SUPPLIED DATA Start Marker

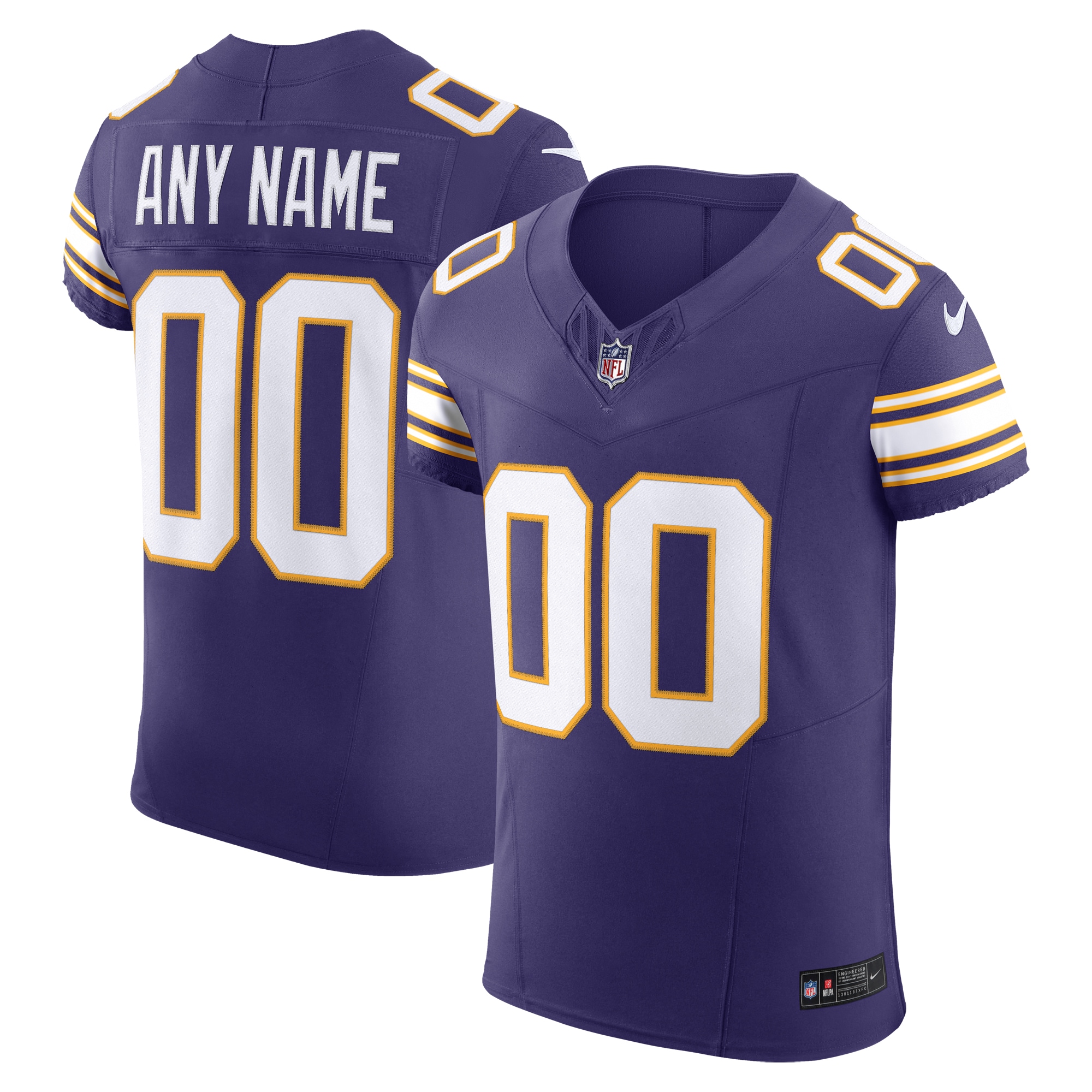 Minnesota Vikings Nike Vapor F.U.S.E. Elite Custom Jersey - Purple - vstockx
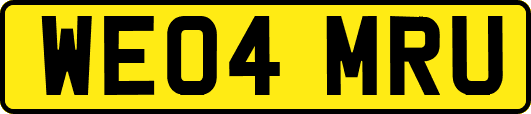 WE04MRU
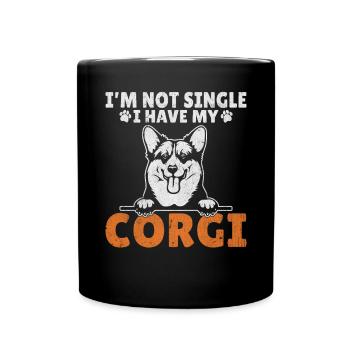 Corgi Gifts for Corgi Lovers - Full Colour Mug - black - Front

SUPPLIED DATA End Marker

WHAT THE TASK ASKS: What you produce must match the listing word for word, with no images in it.

RESPONSE:
 Minnesota Vikings Nike Vapor F.U.S.E. Elite Custom Jersey - Purple - vstockx
 WE04MRU
 Corgi Gifts for Corgi Lovers - Full Colour Mug - black - Front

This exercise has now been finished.